My heart fell. I’d spent the last five minutes taking pictures of shoes lined against the wall. The light cast a neat silhouette, the room full of things once owned by society’s ills. Or was it by officers? I couldn’t get the settings quite right, so it didn’t even matter. It had been months, several in fact, since I’d consistently used the camera.

The camera, a 3 or so pound brick that could double as a weapon to fend off attempted robbers, is older than most. Its indoor shots a struggle, its colors not as vibrant as an iPhone’s. Most of all, it was me. I was rusty.

In those five minutes, I’d missed the audio guide cutoff. What about the voices of former prisoners talking about their day to days? What about that epic escape attempt that killed a prison guard? What about —

“Just kidding,” he said. He hung one around my neck.

Museums are best spent alone.

I often wandered the halls by myself, at times looking out from behind bars. The term the Slammer, I found out, comes from the sound the metal bars make when they open and close. To the prisoners in Alcatraz, the sound was so consistent, so terrifying, that it often became unbearable.

I’ve read of forms of torture in other parts of the world in which a change in room temperature, in intervals of extreme cold and extreme heat, weakens the mind.
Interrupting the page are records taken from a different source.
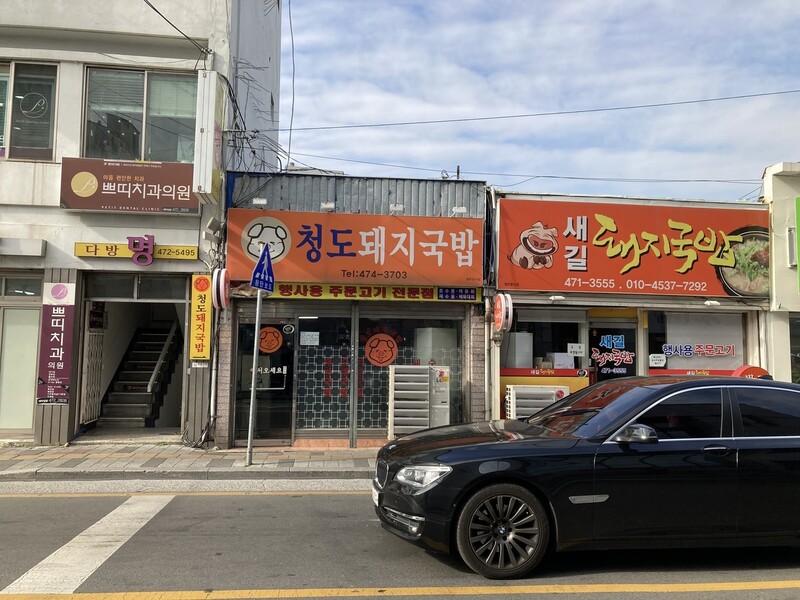 대구 돼지국밥집 간판의 다양한 돼지 캐릭터들. 유선주 객원기자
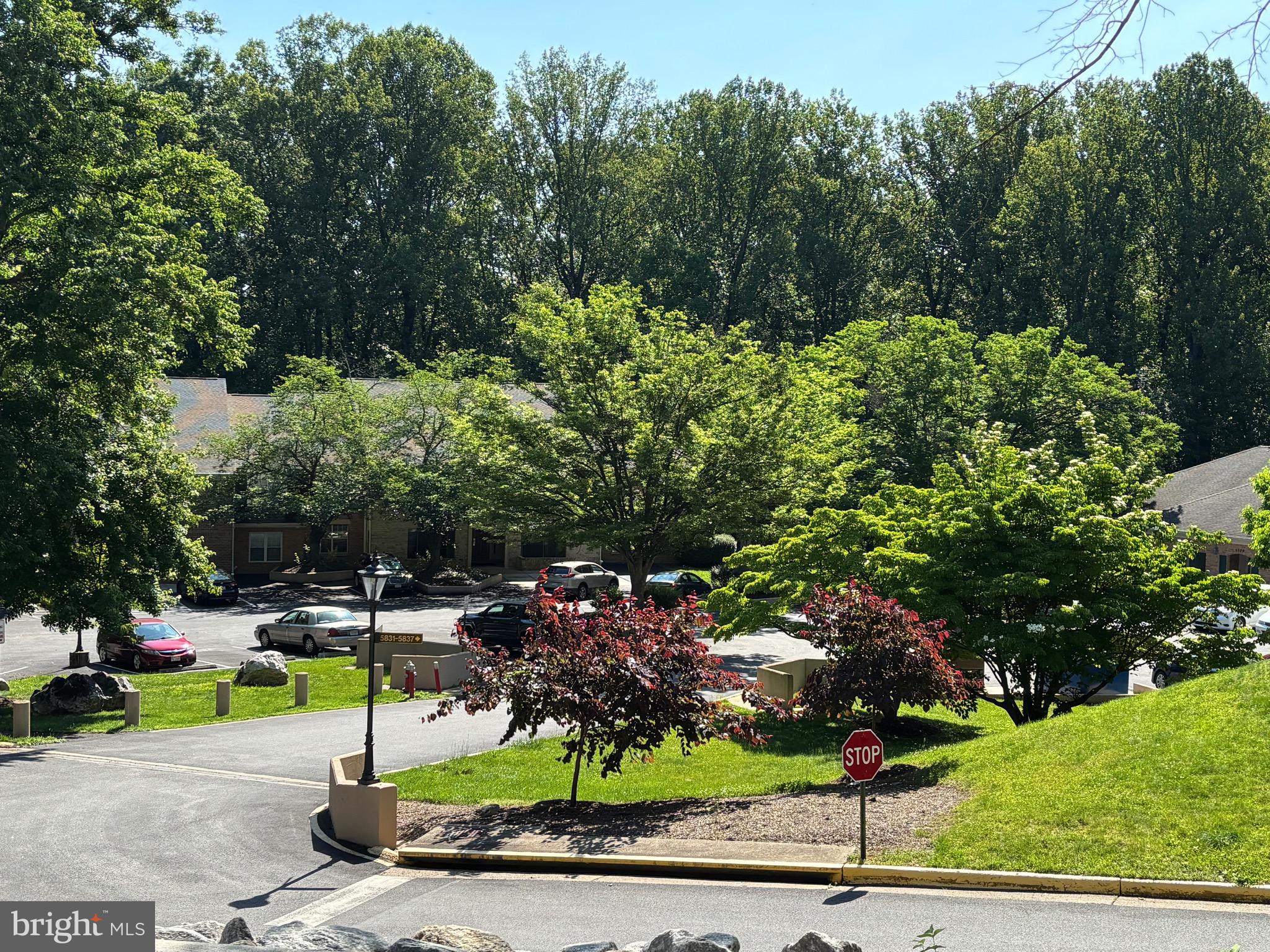 5835 Cove Landing Road, Unit 304 Burke, VA 22015 - Photo 3 of 8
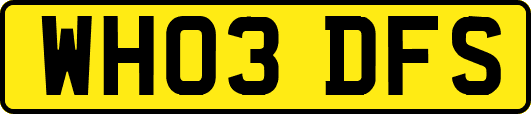 WH03DFS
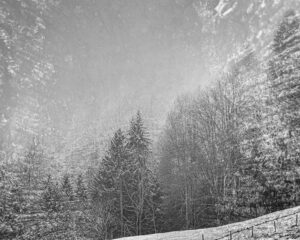 christoph-bertschinger, kuenstlerische-fotografie, wintern 8, wald und fels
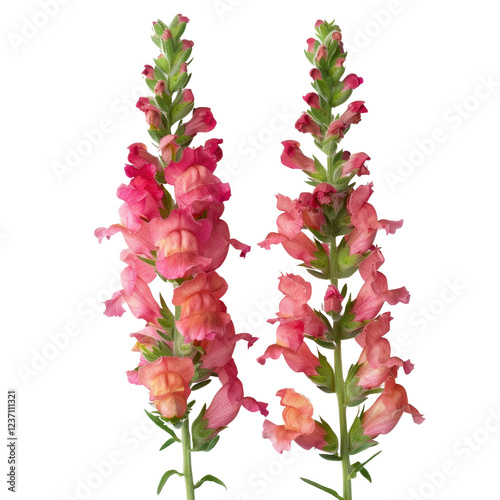 Beautiful pink snapdragon flowers with vibrant petals and green stems. These flowers add cheerful touch to any garden or floral arrangement, symbolizing grace and strength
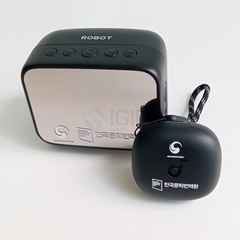 Loa Bluetooth Robot RB170 - In logo theo yêu cầu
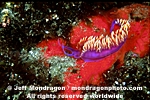 Spanish shawl nudibranch pictures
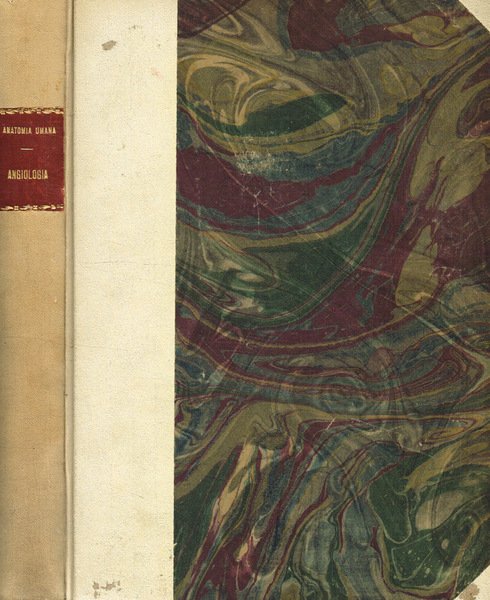 Anatomia umana (anatomia descrittiva-istologica-sviluppo) vol.IV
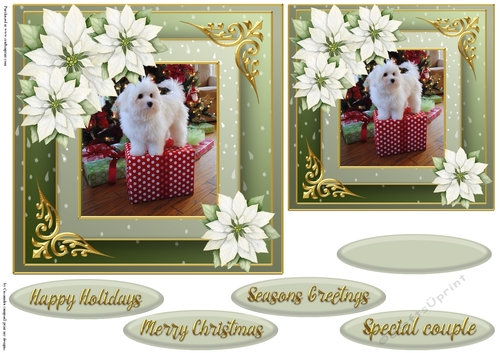Christmas dog quick card 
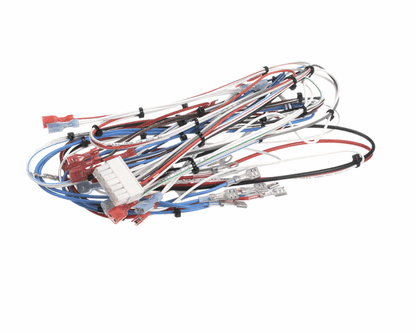 Bunn 38040.0029 Wiring Harness, Main Icb Twin Sh (BU38040-0029)
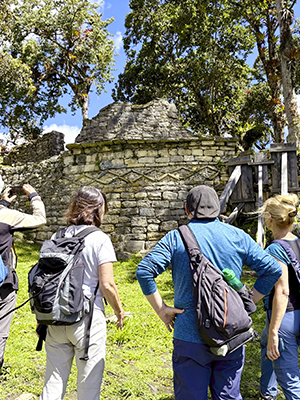 Nuevos Caminos Travel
It’s a constant state of not being in control, of never feeling comfortable — the uncertainty of just when the next modification will come.

In the slammer, it becomes a way of life.

On New Year’s Eve, celebrations throughout the city could be heard. Beautiful days, for the most part, reminded them where they weren’t.

It showed that life went on, its mundaneness highlighted by things happening elsewhere.

For one prisoner, “There wasn’t a day when you didn’t know what you were missing.”